Dundee, he says, is more his kind of town, United the challenge he needed. The history, the tremendous team of the Jim McLean era, doesn’t daunt him. “It’s actually one of the reasons I came here because I had nothing like that in my last job and I hated it.” So we end the conversation where we began, with fuming fly-pasts. His airborne aggrievement had not, he thinks, been wholly connected to performances on the park, even though it quickly followed Hearts being dumped out of the Scottish Cup by Hibs, then a division below. “There was an issue in the stadium, some unrest, and the club were trying to move a group out. As the manager you’re an easy target for any flak that’s going. I remember talking to some other managers later about protests. One said that a banner on the back of a plane must be the ultimate and I surprised them when I went: ‘I’ve had that.’ The guy came back with: ‘Blimey, you must have been terrible!’

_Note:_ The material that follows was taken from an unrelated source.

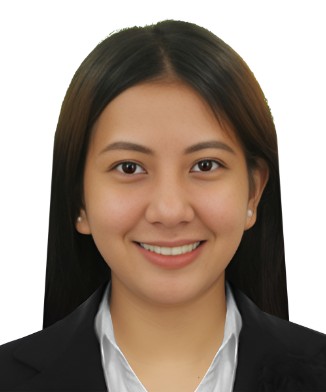 Jhul Yane Makiling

“In a funny sort of way, though, I almost took what happened as a back-handed compliment. Think of the trouble it must have taken to make the banner big and tough enough, and then to hire the plane. Something like that helps give you a thick skin because if there’s one quality a manager definitely needs it’s resilience.”

Out on the street he apologises once again for his previous coyness and I wish him and United well. Today there seem to be only clear skies ahead; tomorrow, though, will be another day. “I will get sacked again,” he says. “Hopefully that won’t be here but it will happen.”